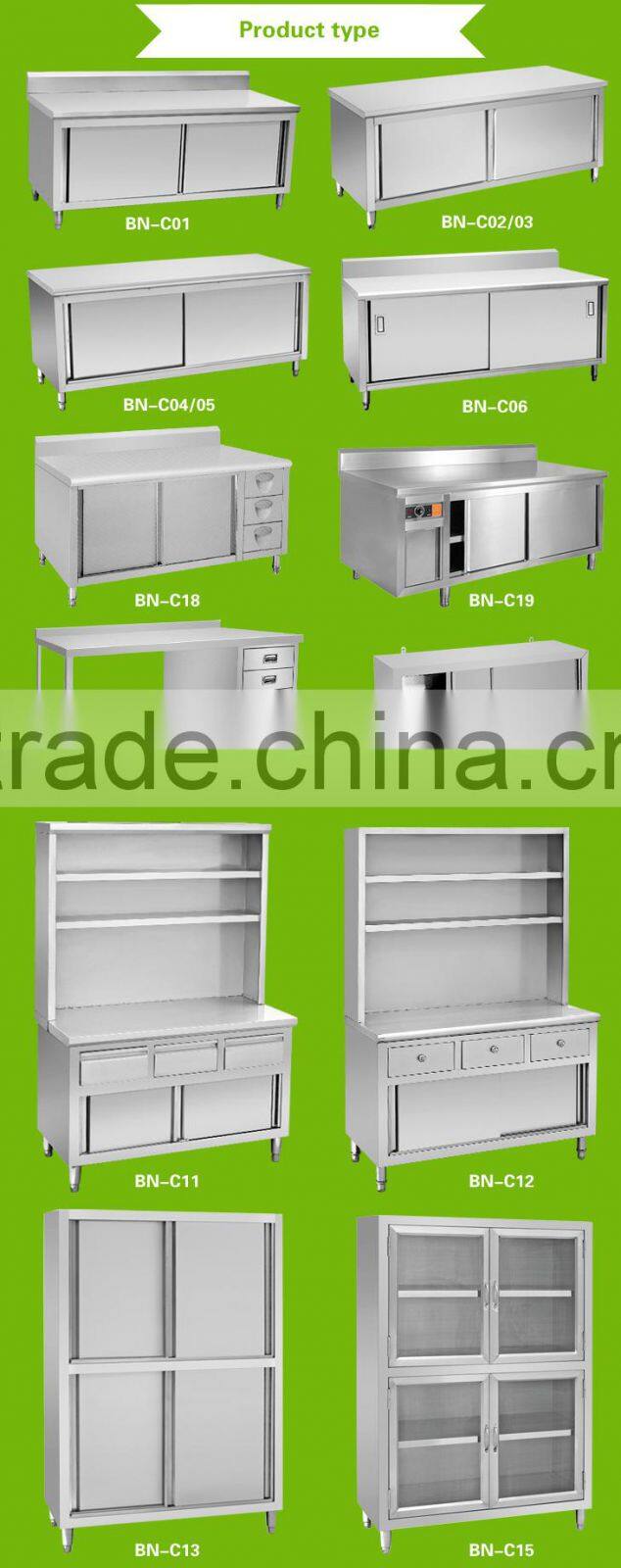 (BN-C11) Cosbao kitchen equipment cabinet with drawers design for hospital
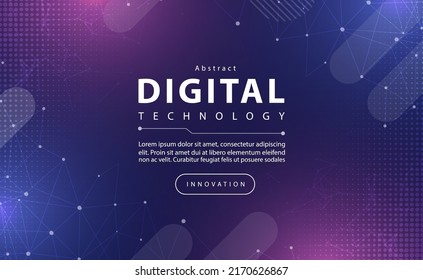 Digital technology banner pink blue background concept with technology line light effect, abstract tech, innovation future data, purple sky color, big data, lines dots connection, illustration vector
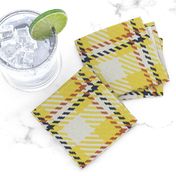 Yellow Buff and Navy Bayeux Palette Asymmetric Plaid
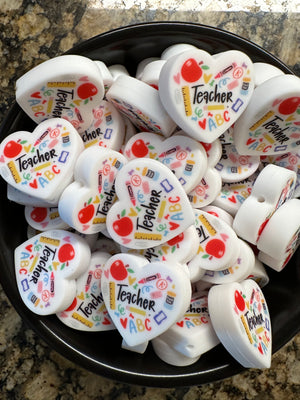 Teacher Heart Silicone Focal - A Friend In Bead (is a friend indeed)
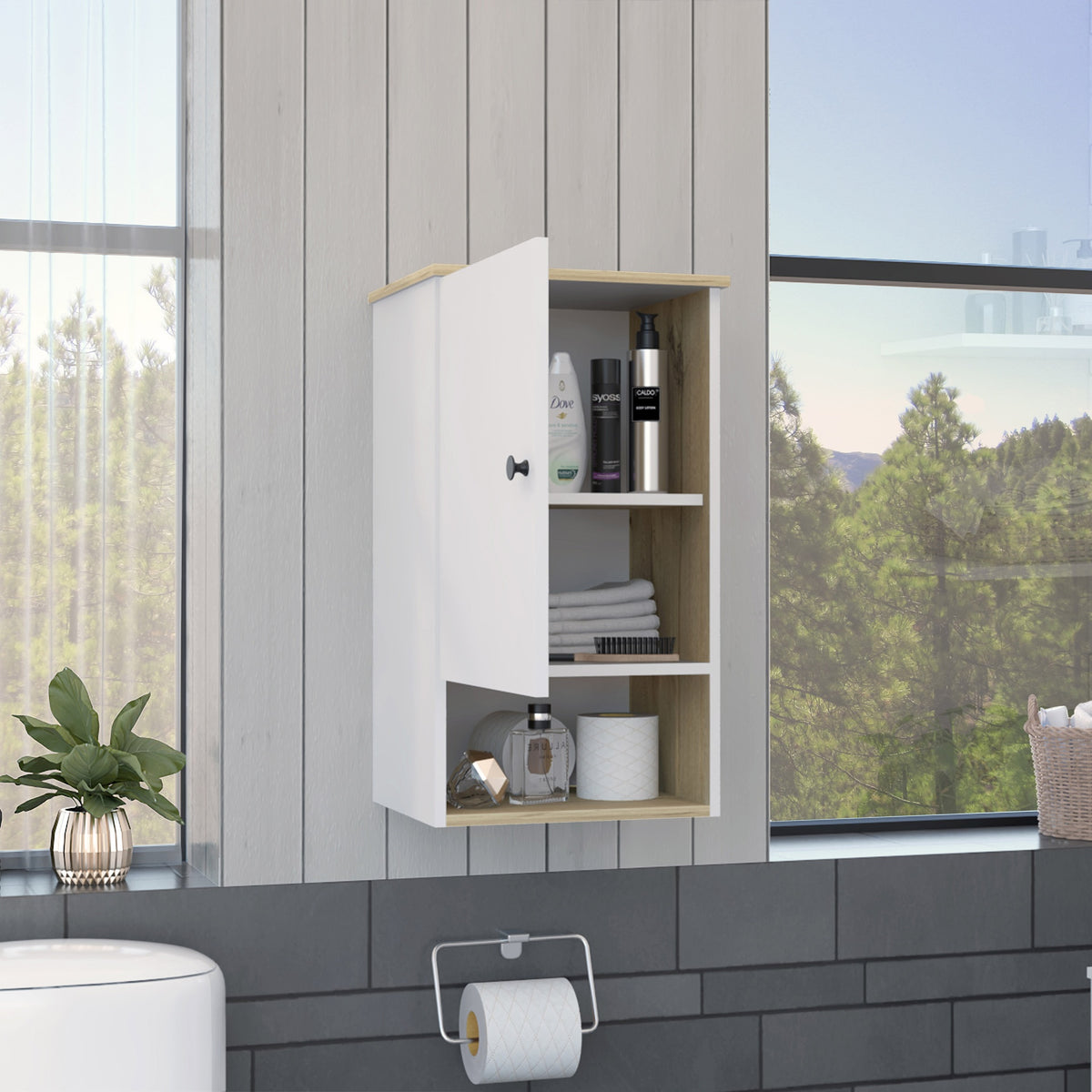 Medicine Single Door Cabinet 28" H, One Shelf, Two Interior Shelves, Light Oak / White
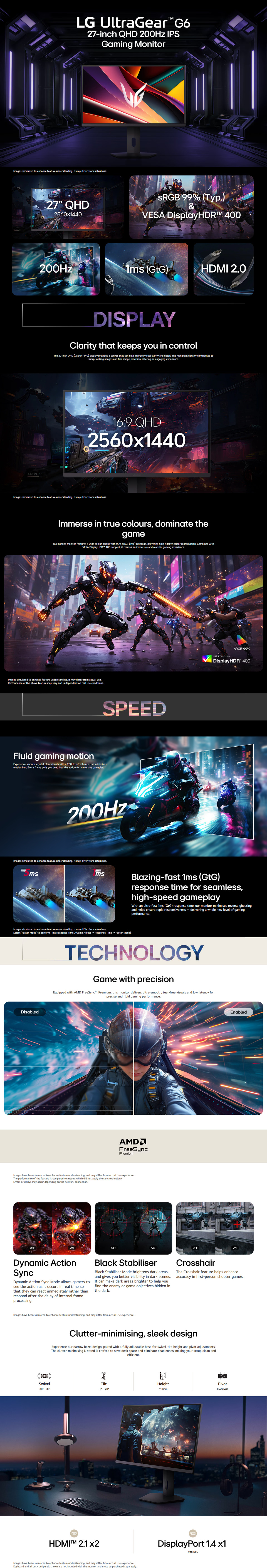 27 lg ultragear g6 27g610a-b qhd 200hz ips gaming monitor black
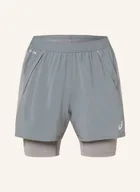 Spodenki damskie - Asics Szorty Do Biegania 2 W 1 Road grau - miniaturka - grafika 1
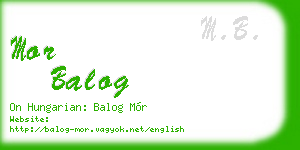mor balog business card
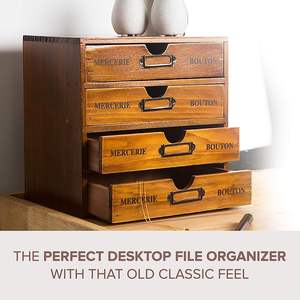 Home Office Desk <b>Organizer</b> with 4 <b>Drawers</b> - Wooden Storage Box - Rustic Dresser - Vintage Aged Look Desk <b>Organizers</b> - Product Image 4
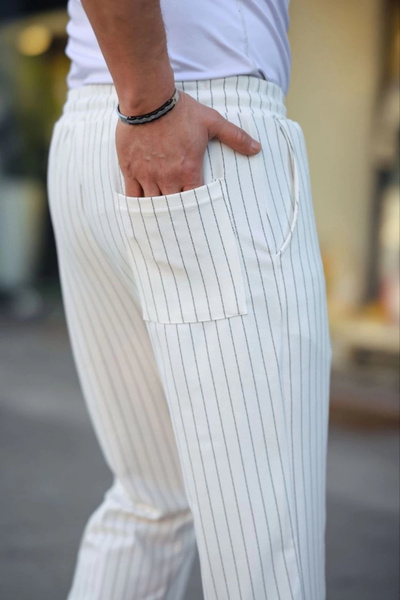 DoğruFashion Mdb Men's Striped Woven Crepe Jogger Buggy Pants Comfortable Fit White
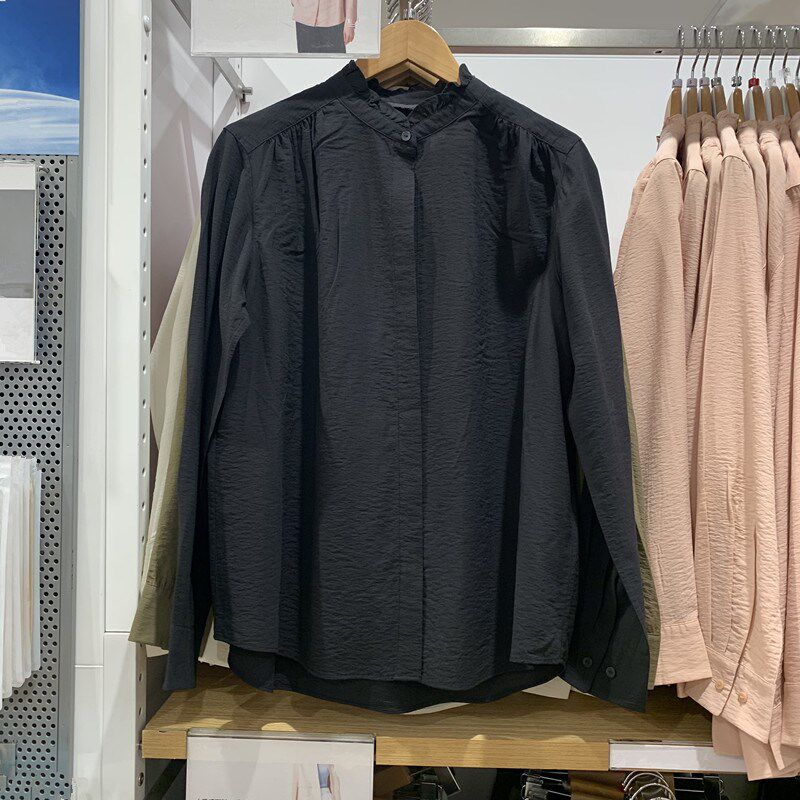 日单女装25春季新款荷叶领衬衫长袖开衫休闲百搭衬衣薄外套475671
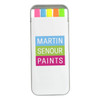 A highlighter set in a case featuring five vibrant colours: pink, green, yellow, orange, and blue. The case has a logo.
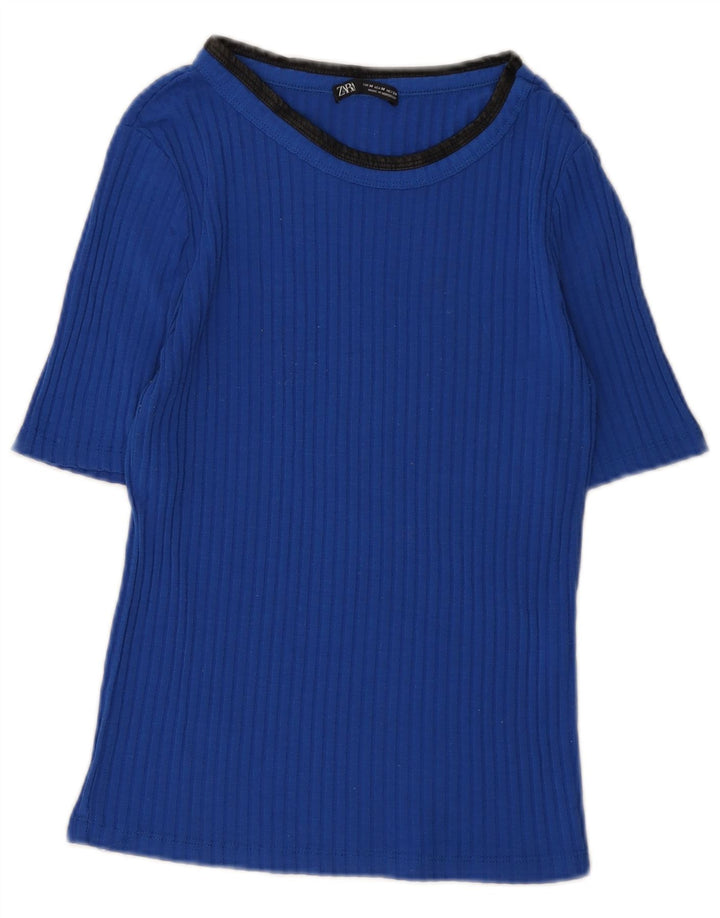 Zara Femme T-Shirt Top UK 12 Bleu Moyen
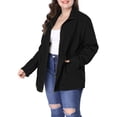 thumbnail image 5 of MODA NOVA Juniors Plus Size Long Sleeve Drawing Waist Fall Jacket 2X Black, 5 of 8
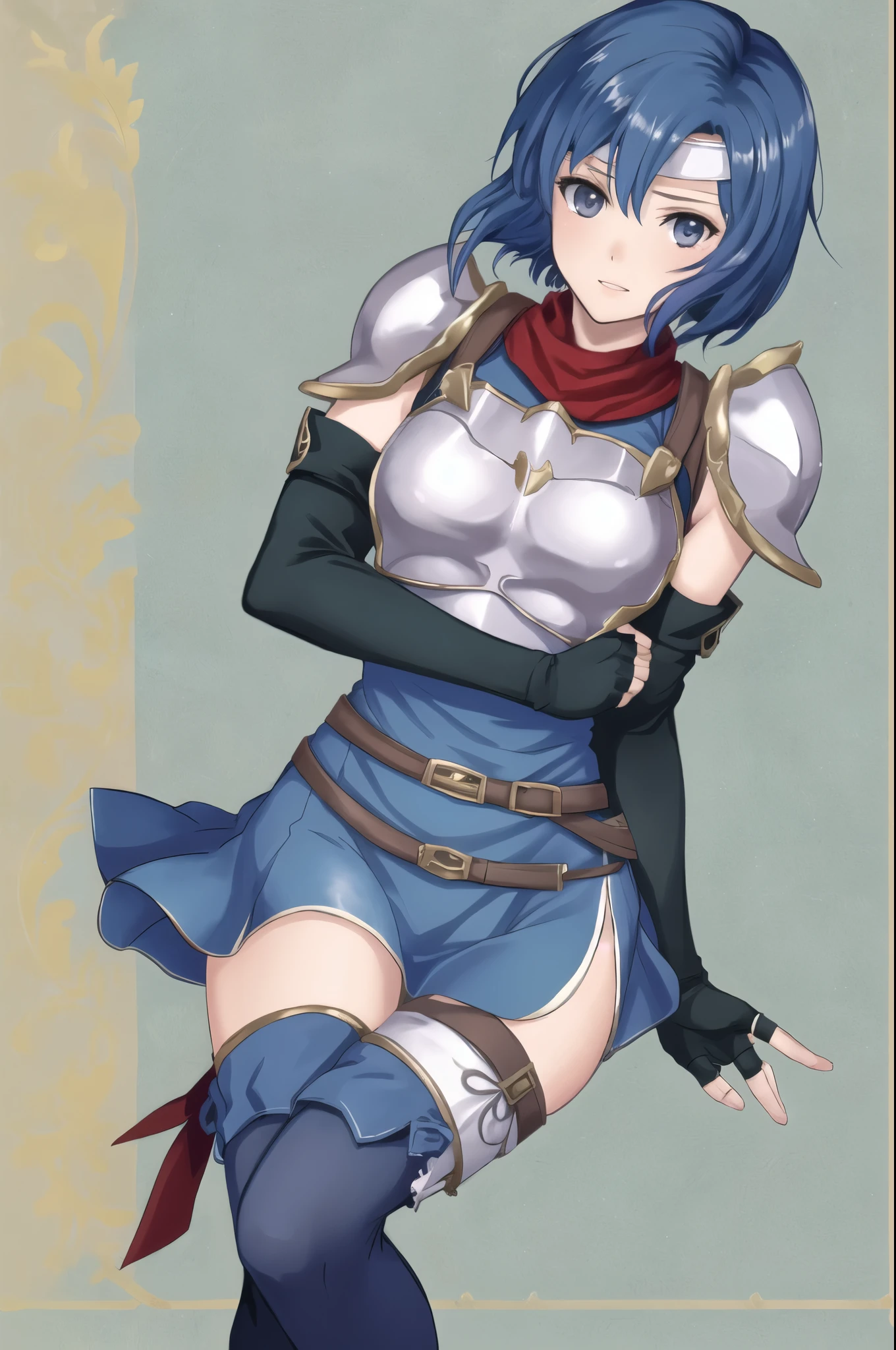 (White background:1.2),Catria_Nanometer, cute, Blue Hair, short hair, blue eyes, cute, Narrow waist, small, Toned Up, Large Breasts, Bare shoulders, Red neckerchief, Blue elbow gloves, Blue fingerless gloves, Pauldrons, belt, breastplate, White headband, Short dress, Dress slit, Blue tight boots, Blue long boots, Pegasus Knight Uniform (Fire emblem), low length,blush,Scared,distress,Open your mouth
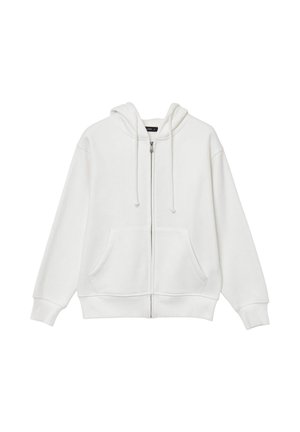 Weiße Zip-Hoodie mit vorderen Taschen, Kordelzügen und gerippten Bündchen und Saum, vor einem weißen Hintergrund gezeigt.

---

_ABOUT THIS EXERCISE_. An exact restatement is expected of the lines from the line containing "Medicine Single Door" to the end of the data above, pictures excluded.

_REPLY_.
 Medicine Single Door Cabinet 28" H, One Shelf, Two Interior Shelves, Light Oak / White
 27 lg ultragear g6 27g610a-b qhd 200hz ips gaming monitor black
 Spodenki damskie - Asics Szorty Do Biegania 2 W 1 Road grau - miniaturka - grafika 1
mor balog business card
 Home Office Desk <b>Organizer</b> with 4 <b>Drawers</b> - Wooden Storage Box - Rustic Dresser - Vintage Aged Look Desk <b>Organizers</b> - Product Image 4
 DoğruFashion Mdb Men's Striped Woven Crepe Jogger Buggy Pants Comfortable Fit White
 日单女装25春季新款荷叶领衬衫长袖开衫休闲百搭衬衣薄外套475671
 A highlighter set in a case featuring five vibrant colours: pink, green, yellow, orange, and blue. The case has a logo.
 Zara Femme T-Shirt Top UK 12 Bleu Moyen
 thumbnail image 5 of MODA NOVA Juniors Plus Size Long Sleeve Drawing Waist Fall Jacket 2X Black, 5 of 8
 (White background:1.2),Catria_Nanometer, cute, Blue Hair, short hair, blue eyes, cute, Narrow waist, small, Toned Up, Large Breasts, Bare shoulders, Red neckerchief, Blue elbow gloves, Blue fingerless gloves, Pauldrons, belt, breastplate, White headband, Short dress, Dress slit, Blue tight boots, Blue long boots, Pegasus Knight Uniform (Fire emblem), low length,blush,Scared,distress,Open your mouth
 Weiße Zip-Hoodie mit vorderen Taschen, Kordelzügen und gerippten Bündchen und Saum, vor einem weißen Hintergrund gezeigt.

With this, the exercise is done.